FileOrURLToMarkdownConverterBatch
About 285 wordsLess than 1 minute
2025-10-09
📘 Overview
FileOrURLToMarkdownConverterBatch is a knowledge extraction operator that supports extracting structured content from multiple file formats (e.g., PDF, Office documents, web pages, plain text) and URLs, converting them into a unified Markdown format. The operator automatically detects the file type and invokes the optimal parsing engine (such as MinerU or trafilatura) to preserve the original layout and key information.
init Function
def __init__(self, intermediate_dir: str = "intermediate", lang: str = "en", mineru_backend: str = "vlm-vllm-engine", ):init Parameter Description
| Parameter | Type | Default | Description |
|---|---|---|---|
| intermediate_dir | str | "intermediate" | Directory path used to store intermediate files generated during the conversion process. |
| lang | str | "en" | Specifies the main language of the document (e.g., 'zh' for Chinese, 'en' for English) to optimize parsing performance. |
| mineru_backend | str | "vlm-sglang-engine" | Specifies the backend engine for MinerU, used for handling complex documents such as PDFs.
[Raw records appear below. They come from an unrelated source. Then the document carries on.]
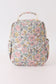 Yellow floral lunch bag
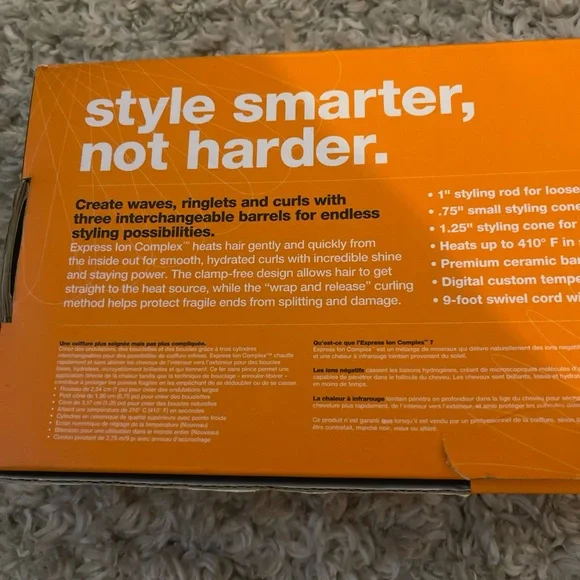 Paul Mitchell Unclipped Curling Set - with 2 bonus attachments - Picture 8 of 8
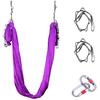 Aerial Yoga Hammock Set with Extension Straps Aerial Silk Yoga Swing Anti-gravity Yoga Inversion Exercises Improved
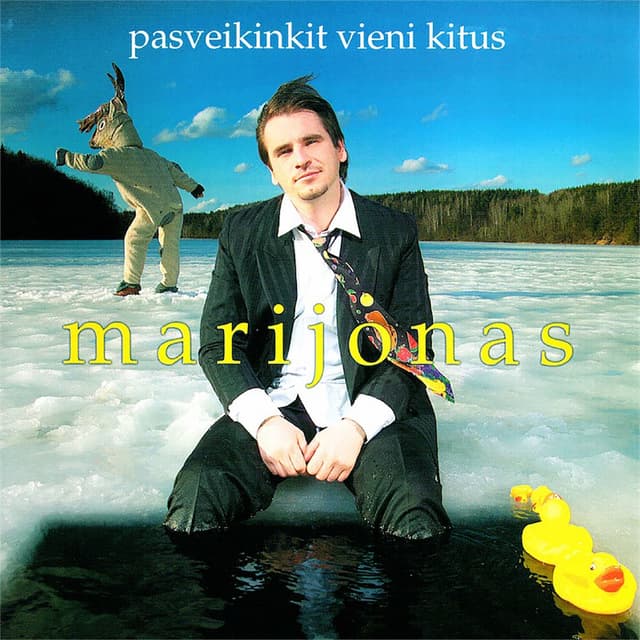 Album cover art for Pasveikinkit Vieni Kitus
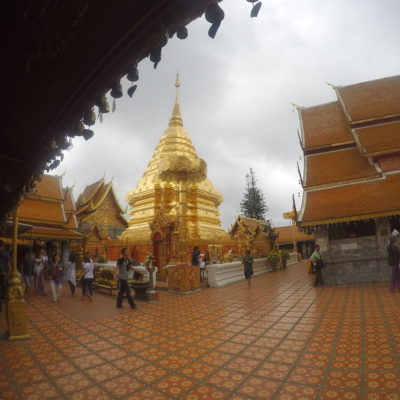La pagoda central de Doi Suthep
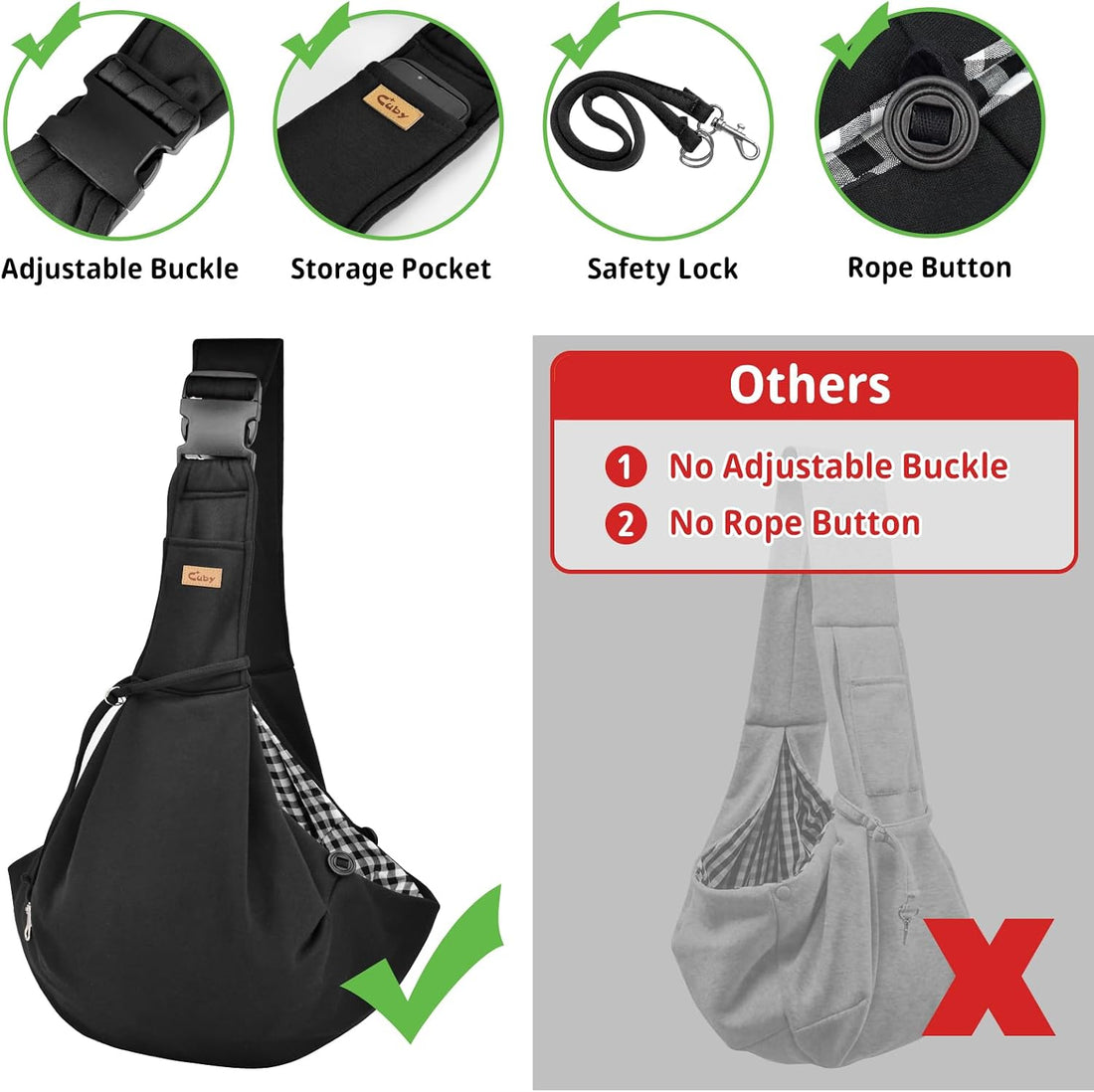 CUBY Dog and Cat Sling Carrier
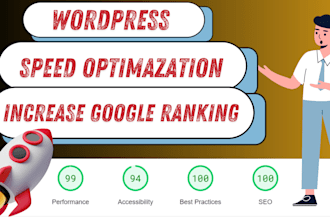 wordpress onpage SEO, website optimization, and fix core web vitals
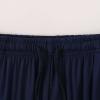 JEsilunmaMY Men's Athletic Sweatpants Plus Size Casual Pajama Pants with Elastic Waist Solid Color Thin Sleep Lounge Pants (Dark Blue,3X-Large) view 2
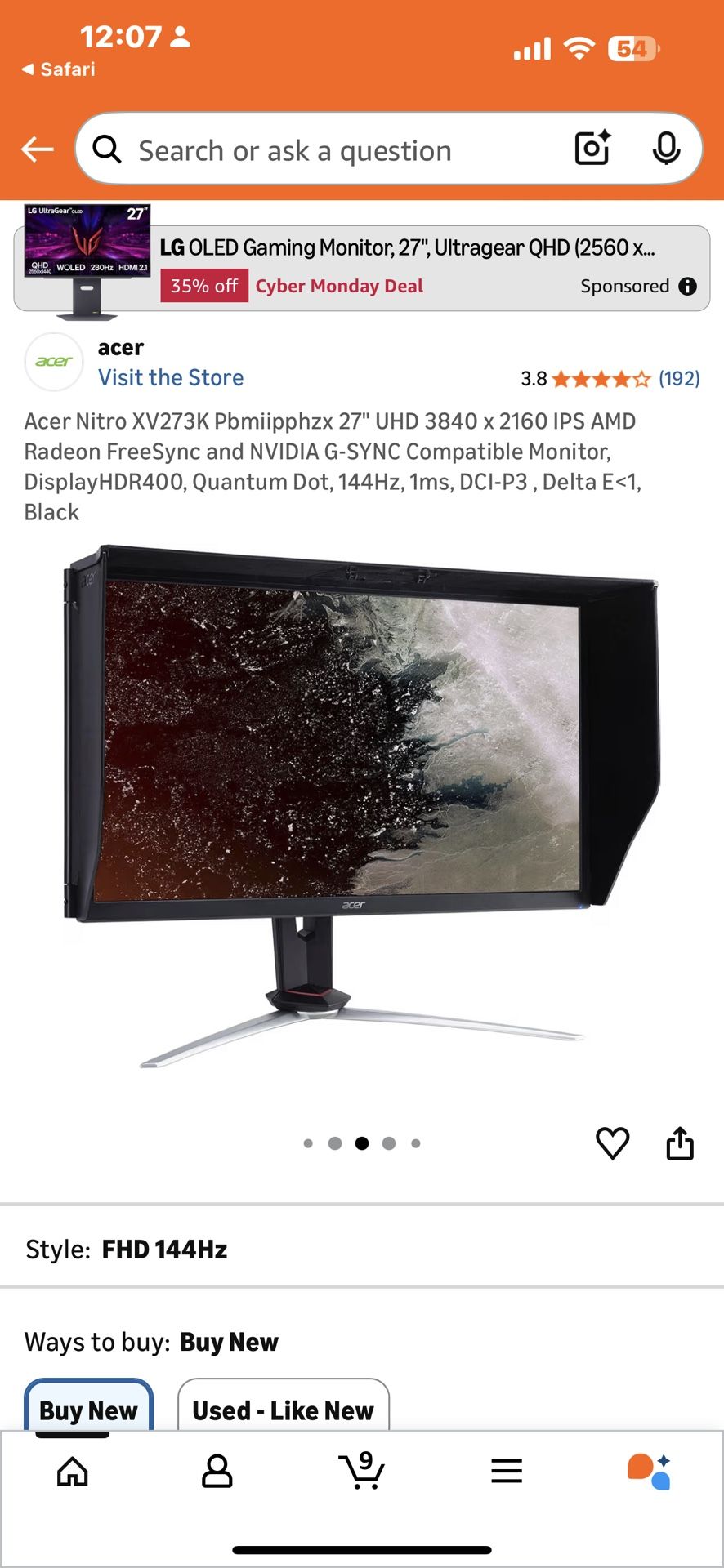 Acer Nitro Gaming Monitor
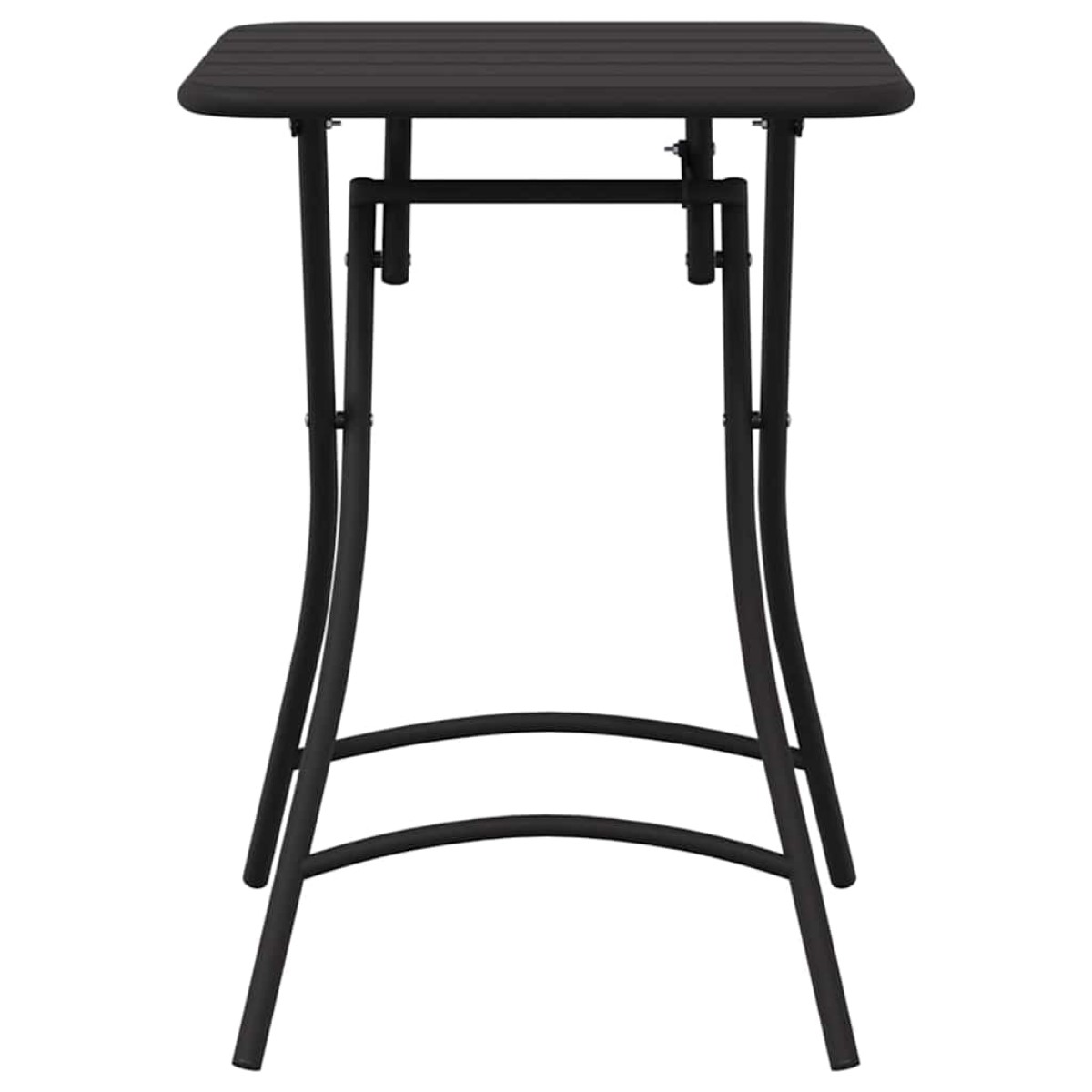 vidaXL Τραπέζι Bistro Ανθρακί 55 x 55 x 72,5 εκ. Ατσάλι με Πούδρα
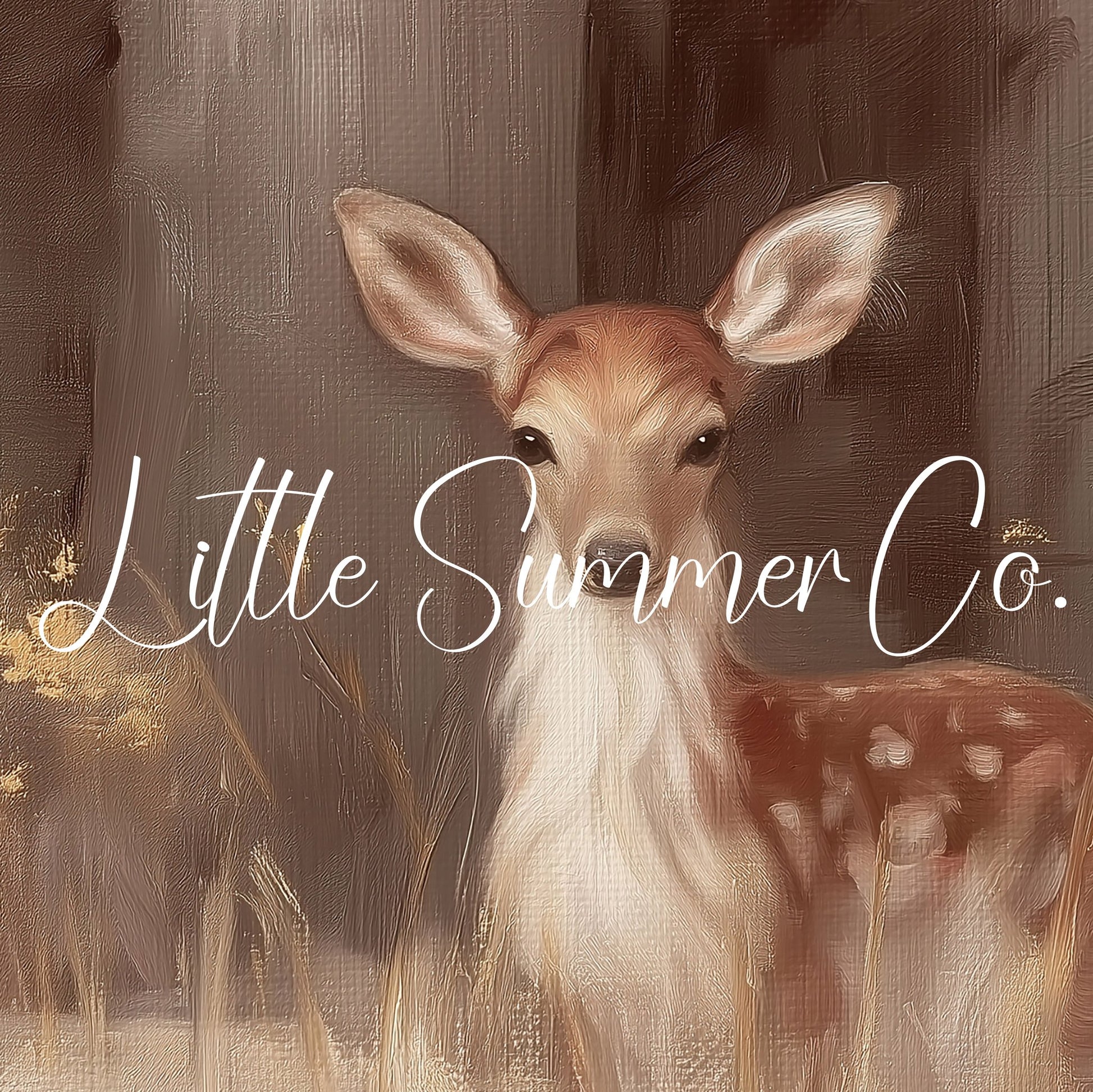 Deer In Woodland Frame TV Art displayed on a TV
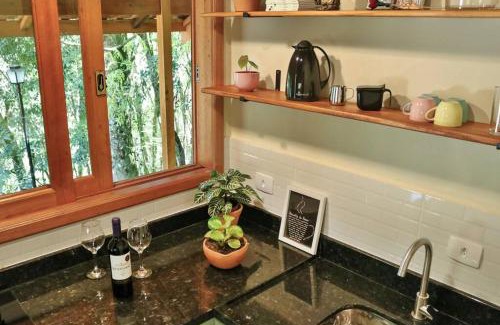 Santo Antonio do Pinhal Chalet De Esquí | Chalé Ametista com ofurô e lareira, Santo Antônio do Pinhal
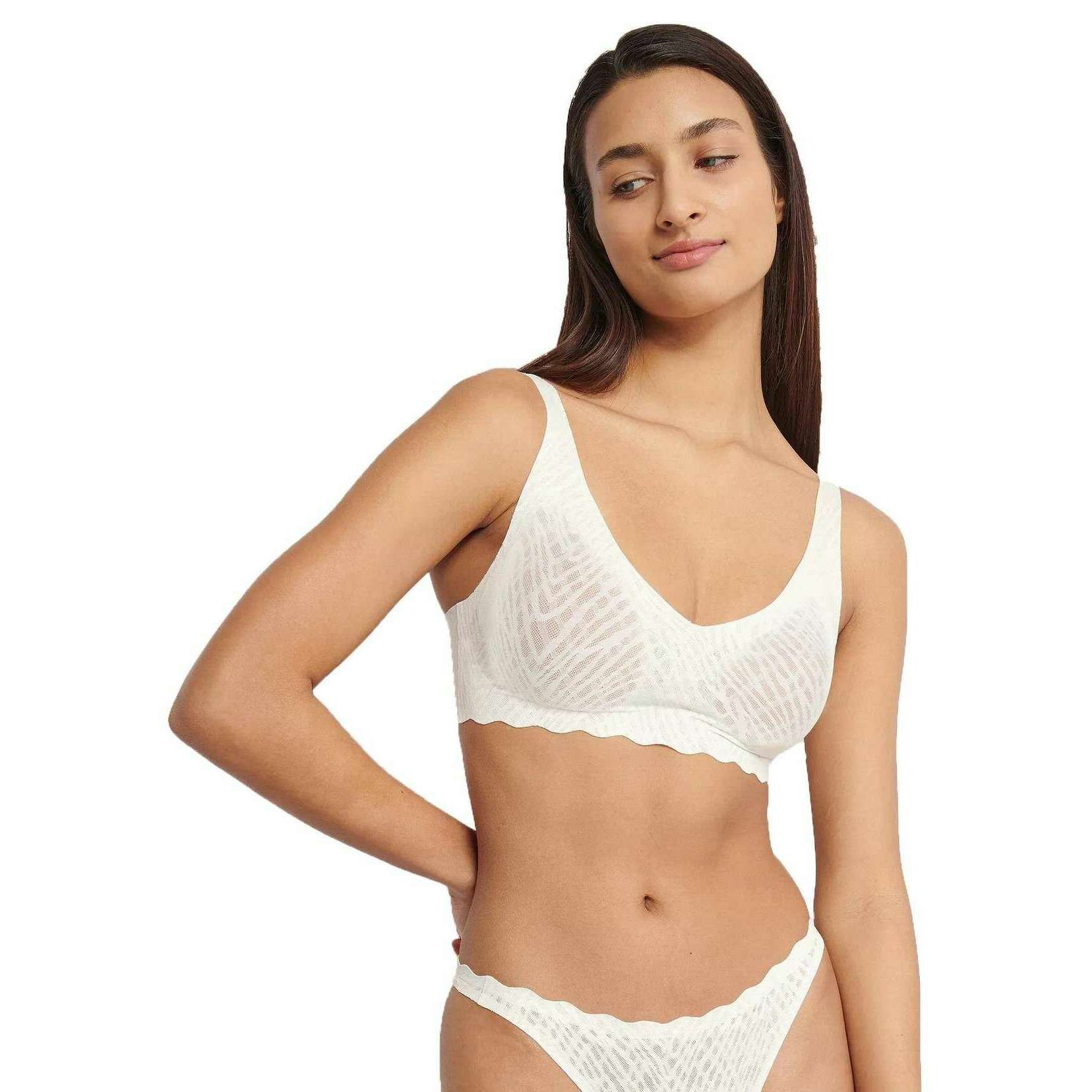 Sloggi Zero Feel Bliss Soft Bra - Silk White - Image 3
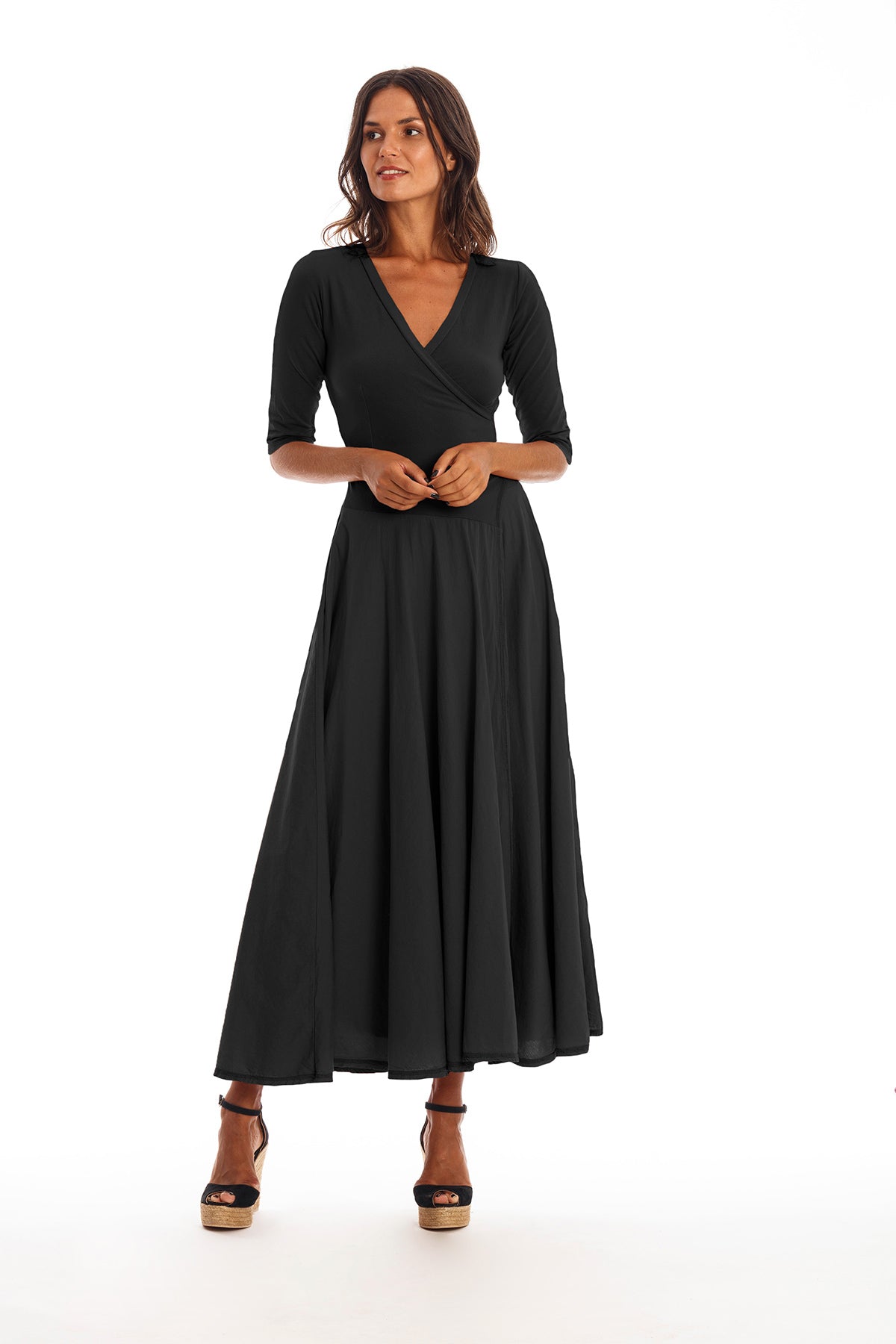 RAVENS VIEW IBIZA Damen vegan Kleid Veronika Schwarz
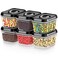 DW&Atilde;&lsaquo;LLZA KITCHEN DWLLZA KITCHEN Set of 6 Mini Airtight Food Storage Containers with Lids Clear Plastic Small Pantry Containers for Spices Candy Nuts Coffee or Tea BPAFree Keeps Food Fresh Dry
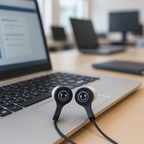 SoundLH Student Earbuds - Angled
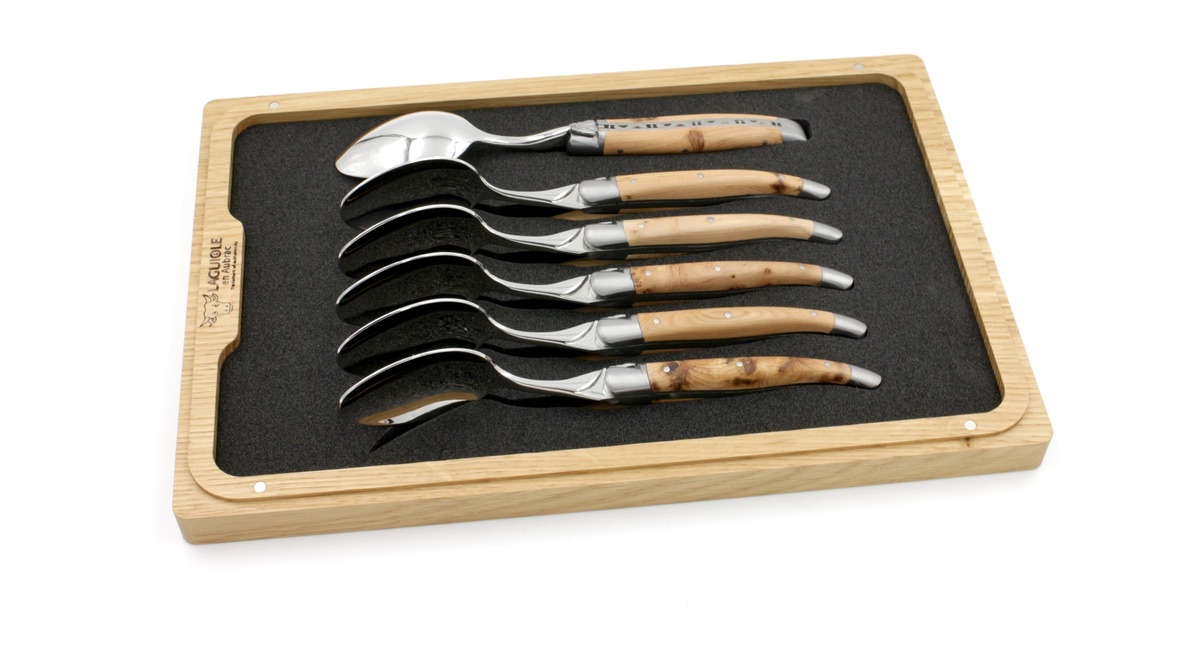 Laguiole en Aubrac Wacholder Dessertlöffel Set 6-tlg.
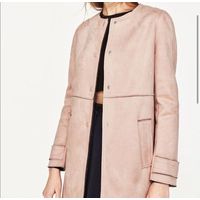 Пальто из исскуственной замши Zara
Options include "pipeline", "vlm-transformers", "vlm-vllm-engine", and "vlm-http-client". |
Prompt Template Description
| Prompt Template Name | Main Purpose | Applicable Scenario | Characteristics |
|---|---|---|---|
| -- | -- | -- | -- |
run Function
def run(self, storage: DataFlowStorage, input_key: str = "source", output_key: str = "text_path"):Parameters
| Name | Type | Default | Description |
|---|---|---|---|
| storage | DataFlowStorage | Required | Data flow storage instance responsible for reading and writing data. |
| input_key | str | "source" | Input column name containing the file path or URL to be processed. |
| output_key | str | "text_path" | Output column name that stores the path to the generated Markdown file. |
🧠 Example Usage
self.knowledge_cleaning_step1 = FileOrURLToMarkdownConverterBatch(
intermediate_dir="../example_data/KBCleaningPipeline/raw/",
lang="en",
mineru_backend="vlm-vllm-engine",
)
self.knowledge_cleaning_step1.run(
storage=self.storage.step(),
# input_key=,
# output_key=,
)🧾 Default Output Format
| Field | Type | Description |
|---|---|---|
| source | str | Input source file path or URL. |
| text_path | str | Path to the generated Markdown file. |
Example Input:
{
"source":"/path/to/your/document.pdf"
}Example Output:
{
"source":"/path/to/your/document.pdf",
"text_path":"intermediate/document_pdf.md"
}